If you plug in your $u$ into these equation, you get two differential equations that you can solve to get your $v$ up to some (arbitrary) constant of integration.

Edit: The equations you get in this case are: \begin{align} \frac{\partial v}{\partial y} &= \frac{y^2-x^2}{(x^2+y^2)^2} \\ \frac{\partial v}{\partial x} &= \frac{2xy}{(x^2+y^2)^2} \end{align} Each of these you can integrate separately, and you get something like $v(x,y)=v_1(x,y) + f(x)$ from the first, $v(x,y)=v_2(x,y) + g(y)$ from the second equation. The functions $f$ and $g$ are "constants" of integration, which you need to match with corresponding terms in $v_2$ and $v_1$, respectively.

Edit 2: There is also a way to do it without using the CR equations. I knew I read it some time ago, but it took me quite a while to find it again: William T. Shaw "Recovering Holomorphic Functions from Their Real or Imaginary Parts without the Cauchy--Riemann Equations" SIAM Rev., 46(4), 717–728.

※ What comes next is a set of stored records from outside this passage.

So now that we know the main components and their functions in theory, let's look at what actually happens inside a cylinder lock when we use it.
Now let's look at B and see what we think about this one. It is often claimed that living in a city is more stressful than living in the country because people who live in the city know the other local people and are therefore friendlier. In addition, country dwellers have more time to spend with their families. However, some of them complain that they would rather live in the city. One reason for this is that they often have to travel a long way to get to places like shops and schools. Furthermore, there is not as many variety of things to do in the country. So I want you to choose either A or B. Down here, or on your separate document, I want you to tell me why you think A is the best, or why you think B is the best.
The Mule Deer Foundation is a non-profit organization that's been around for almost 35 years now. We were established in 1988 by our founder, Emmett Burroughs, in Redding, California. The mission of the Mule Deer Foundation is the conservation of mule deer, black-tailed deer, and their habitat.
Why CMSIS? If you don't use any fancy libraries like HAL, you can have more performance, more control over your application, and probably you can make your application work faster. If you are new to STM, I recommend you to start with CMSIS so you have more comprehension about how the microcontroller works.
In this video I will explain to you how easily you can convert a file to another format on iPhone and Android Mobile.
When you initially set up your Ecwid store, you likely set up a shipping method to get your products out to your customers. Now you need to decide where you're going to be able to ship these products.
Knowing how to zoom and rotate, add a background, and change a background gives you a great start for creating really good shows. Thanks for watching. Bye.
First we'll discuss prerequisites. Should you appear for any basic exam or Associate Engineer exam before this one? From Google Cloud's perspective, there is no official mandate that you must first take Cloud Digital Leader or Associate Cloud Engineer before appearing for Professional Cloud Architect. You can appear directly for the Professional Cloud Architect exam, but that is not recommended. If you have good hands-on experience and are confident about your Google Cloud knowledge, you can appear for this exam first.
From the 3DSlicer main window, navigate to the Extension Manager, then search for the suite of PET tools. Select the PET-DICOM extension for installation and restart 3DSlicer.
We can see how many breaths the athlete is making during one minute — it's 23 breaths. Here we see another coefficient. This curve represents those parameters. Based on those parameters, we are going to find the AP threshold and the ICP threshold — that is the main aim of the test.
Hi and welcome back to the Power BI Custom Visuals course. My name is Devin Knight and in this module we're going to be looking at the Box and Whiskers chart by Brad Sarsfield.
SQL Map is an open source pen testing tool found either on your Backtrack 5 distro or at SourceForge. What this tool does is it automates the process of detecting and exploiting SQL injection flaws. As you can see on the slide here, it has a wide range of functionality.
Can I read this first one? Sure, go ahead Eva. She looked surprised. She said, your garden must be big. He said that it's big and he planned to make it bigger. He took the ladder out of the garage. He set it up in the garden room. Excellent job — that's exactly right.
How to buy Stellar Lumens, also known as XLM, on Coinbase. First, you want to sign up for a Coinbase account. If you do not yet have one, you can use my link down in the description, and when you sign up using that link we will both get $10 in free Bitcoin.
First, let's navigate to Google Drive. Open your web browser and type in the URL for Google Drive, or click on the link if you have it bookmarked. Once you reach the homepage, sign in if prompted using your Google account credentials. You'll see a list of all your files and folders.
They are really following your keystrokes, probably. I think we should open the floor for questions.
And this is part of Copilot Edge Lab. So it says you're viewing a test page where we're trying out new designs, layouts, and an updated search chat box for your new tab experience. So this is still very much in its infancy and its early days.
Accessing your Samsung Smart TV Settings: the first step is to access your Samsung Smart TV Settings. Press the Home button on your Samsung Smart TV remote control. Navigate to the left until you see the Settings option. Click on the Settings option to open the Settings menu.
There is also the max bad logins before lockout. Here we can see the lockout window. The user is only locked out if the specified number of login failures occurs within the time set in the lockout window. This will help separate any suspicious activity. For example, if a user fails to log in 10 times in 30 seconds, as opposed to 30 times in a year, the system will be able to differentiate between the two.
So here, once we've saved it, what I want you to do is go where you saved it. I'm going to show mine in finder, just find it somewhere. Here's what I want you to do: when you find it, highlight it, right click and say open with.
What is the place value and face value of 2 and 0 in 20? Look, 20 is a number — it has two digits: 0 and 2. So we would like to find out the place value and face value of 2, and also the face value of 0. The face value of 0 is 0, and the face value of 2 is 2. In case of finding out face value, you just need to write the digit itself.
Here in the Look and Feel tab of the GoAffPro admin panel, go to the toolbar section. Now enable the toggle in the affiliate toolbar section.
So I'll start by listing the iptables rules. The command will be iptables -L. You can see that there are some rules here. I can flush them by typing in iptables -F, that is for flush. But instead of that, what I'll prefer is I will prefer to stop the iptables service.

You can recover $f$ by $$f(z)=2u\left( \frac{z+\bar a}{2},\frac{z-\bar a}{2i}\right)-\overline{f(a)}$$ where $a$ is an arbitrary point, such that $f$ is holomorphic in a neighborhood of $a$, and you need to extend $u$ here is the extension from the given $u$ to $\mathbb C\times\mathbb C$. Why that works, you would need to read up in the paper I cited. (Or maybe search for Milne-Thomson method, I think it's more or less the same).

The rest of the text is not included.